Mengenai budaya patriarki yang masih ada kuat penharuhnya pada sebagian besar masyarakat di Indonesia dan khusus NTT, Santi ungkapkan bahwa dirinya adalah salah satu sosok perempuan berani yang dengan cara positif mampu keluar dari lingkaran budaya partriarki di kampungnya tapi tetap menghormati dengan sikapnya sendiri. Di mana pemahaman orang bahwa budaya ini rata-rata mengecilkan bahkan menghilangkan hak-hak dan potensi perempuan. “Saya alami budaya patriakhi yang terjadi dalam keluarga saya orang Lio, biasanya kita akan dijodohkan sama anak dari pihak tante saudari bapak. Dulu ada aturan tidak boleh kawin keluar dari lingkungan keluarga. Anak perempuan juga dilarang untuk mengambil keputusan penting di wilayah publik. Kebetulan almarhum Papa saya itu salah satu pemangku adat yang pastinya punya pengaruh besar dalam kehidupan anak-anak perempuannya. Berbeda dengan sikap saya adalah salah satu perempuan yang mampu keluar dari zona budaya itu mengangkat citra anak perempuan lewat jalur pendidikan tinggi.
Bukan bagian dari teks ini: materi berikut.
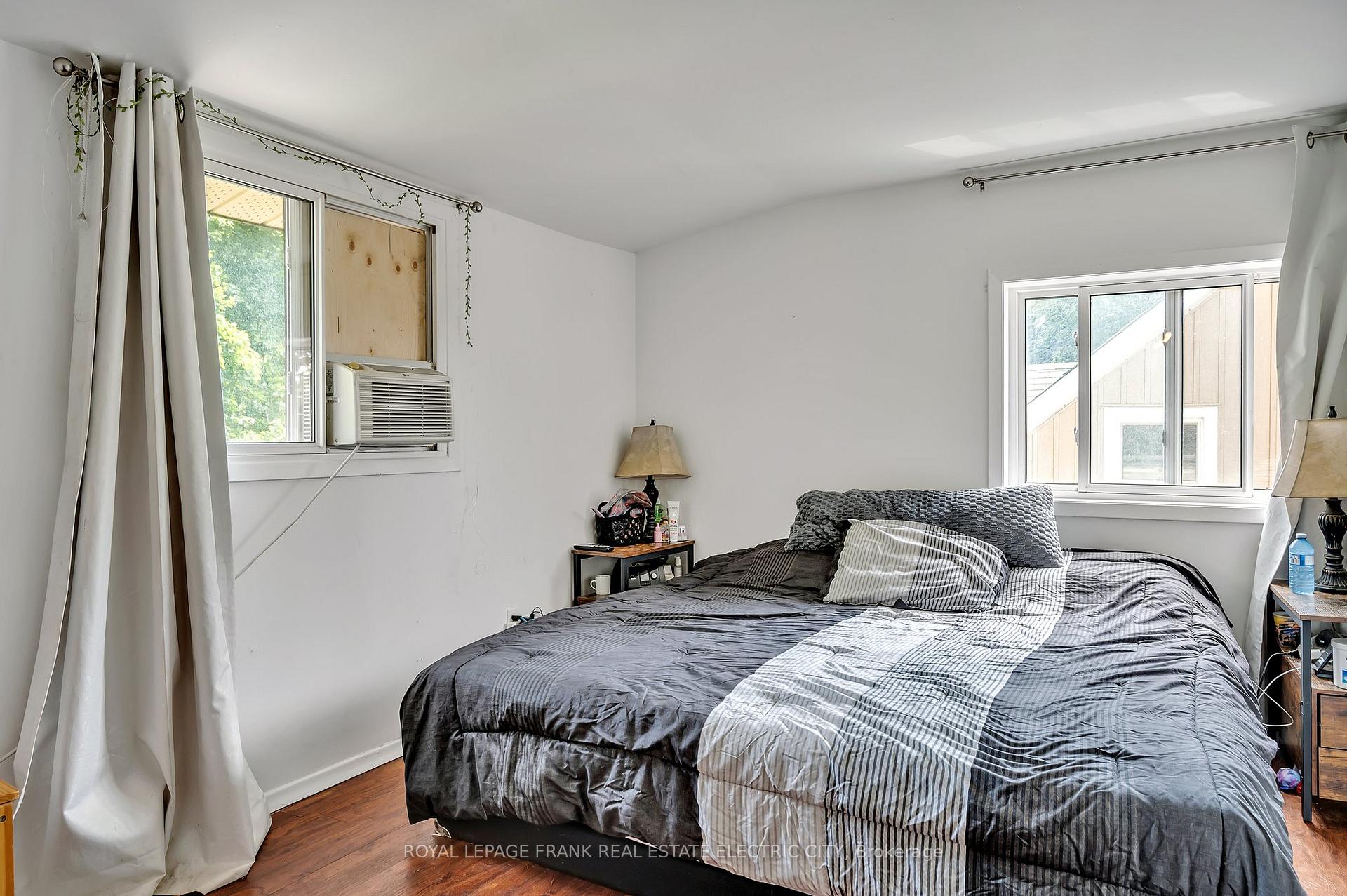 Photo 15 of 526 Rogers Street, Peterborough, Ashburnham Ward 4 — HOMEH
Saya lakukan perubahan cara berpikir orangtua dan keluarga dengan menempuh pendidikan tinggi hingga jenjang S2 dengan biaya dari hasil tulis menulis. Budaya partriarki sudah mengakar dan untuk merubah dengan instant itu mustahil. Saya memiliki cara pandang dan cara berpikir berbeda tanpa merubahnya. Dengan keberhasilan studi dan karier saya menjadi contoh dan kebangaan orang tua dan keluarga besar.” Ujarnya penuh haru dan bangga.
Solusi Santi dalam menghadapi dan mengakali agar budaya patriakhi tidak meniadakan dan mendiskriminasikan hak-hak perempuan karena adat yaitu dengan cara meningkatkan kapasitas pendidikan, meningkatkan kualitas SDM perempuan. Sebab perempuan berkualitas akan sulit diremehkan oleh kaum laki-laki. Selama 5-10 tahun terakhir ini, Santi melihat perempuan NTT makin maju dalam berbagai aspek. Baik di pemerintahan, politik dan hampir semua bidang profesi. “NTT makin menghargai potensi perempuan di berbagai lini kehidupan, semoga ini pertanda baik ada kemajuan pola pikir” Imbuhnya.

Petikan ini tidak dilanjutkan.